##################################
# Analysis of Marketing data (orders and customers) from Nespresso
# Author: Diana Marek
# Date: December 2016
##################################
# list workspace
ls()

# Reset R'brain
rm(list=ls())

# check wd
getwd()

#set wd
setwd("/Users/dmarek/EducationSIB/Courses_2016/Nespresso_R_course")

# confirm wd
getwd()

# Read the data (dates have been changed in the csv to the format yyyy-mm-dd and times removed)
customers<-read.csv2('FR_Customers_sample_small.csv',dec=".", stringsAsFactors=TRUE)
customers$CLUB_DATE<-as.Date(customers$CLUB_DATE)
customers$CREATION_DATE<-as.Date(customers$CREATION_DATE)
customers$FIRST_MACHINE_DATE<-as.Date(customers$FIRST_MACHINE_DATE)
customers$LAST_MACHINE_DATE<-as.Date(customers$LAST_MACHINE_DATE)
customers$LAST_CAPS_ORDER_DATE<-as.Date(customers$LAST_CAPS_ORDER_DATE)

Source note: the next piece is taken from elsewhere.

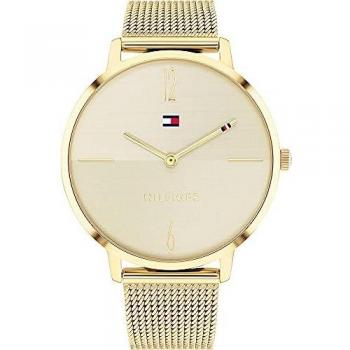 Tommy Hilfiger Reloj Analógico de Cuarzo para Mujer con Correa de Acero Inoxidable 1782339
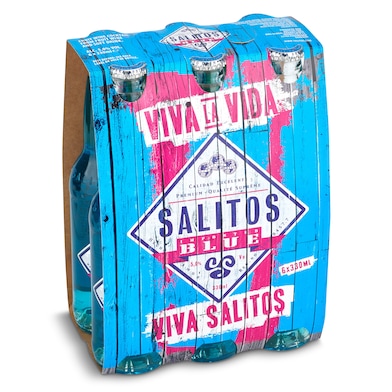 Cocktail de vino blue Salitos pack 6 x 33 cl-0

orders<-read.csv2('FR_Orders_sample_small.csv', dec=".", stringsAsFactors=TRUE) # characters converted to factors
#some columns contain lots of strings of characters
orders$DAY1<-as.Date(orders$DAY1)  # converts factors to dates


# Structure, info about orders
class(orders)
dim(orders)
str(orders)
colnames(orders)
head(orders)
tail(orders)
class(orders$REVENUE)
class(orders$QTY)
levels(orders$PROD_INT_DESCR)  # no controlled vocabulary

# Basic stats
summary(orders)
table(orders$ORDER_NR) # number of entries per order id
table(orders$THIRD_NR) # number of entries per customer id 
table(orders$ORDER_NR, orders$THIRD_NR) #counts number of orders per customer id

# Subsetting and operation on subgroups
subset(orders,THIRD_NR==83) #subset of data for a customer
subset(orders,THIRD_NR==83 & L2_TD_CAT_DESCR=="Espresso Classic") #subset of data for a customer and one type of coffee

mean(orders[orders$CHF_REVENUE>10,"CHF_REVENUE"]) # mean of revenue for revenue above 10 CHF

by(orders$CHF_REVENUE,orders$THIRD_NR, mean) # means of revenue by customer
aggregate(orders$CHF_REVENUE, list(orders$THIRD_NR),mean)
aggregate(data.frame(CHF_revenue=orders$CHF_REVENUE), list(customer_id=orders$THIRD_NR), mean) # to change the labels of the output table

by(orders$CHF_REVENUE,list(orders$THIRD_NR,orders$ORDER_NR), mean) # mean of revenue by customer and by order (20 possibilities)
aggregate(data.frame(CHF_revenue=orders$CHF_REVENUE), list(customer_id=orders$THIRD_NR,order_id=orders$ORDER_NR),mean) #eq to the above command with customised labels

aggregate(orders$CHF_REVENUE, list(orders$PROD_INT_DESCR),range) # range of revenue for the different products
aggregate(orders$CHF_REVENUE, list(orders$PROD_INT_DESCR),median) #median of revenue for the different products
aggregate(orders$CHF_REVENUE, list(orders$PROD_INT_DESCR),mean) #mean of revenue for the different products
aggregate(orders$CHF_REVENUE, list(orders$PROD_INT_DESCR),sum) #sum of revenue for the different products

#Select the first (by date) order for each customer in the dataframe
#Let's  randomize the dataset
# then ensure the data frame is sorted by DAY1 which determines the first instance
random_index <- sample(1:dim(orders)[1])
random_orders<-orders[random_index,]
random_orders_sorted_by_date<-random_orders[with(random_orders, order(DAY1)), ] # eq to the original dataframe
# With evaluate an R expression in an environment constructed from data, possibly modifying (a copy of) the original data.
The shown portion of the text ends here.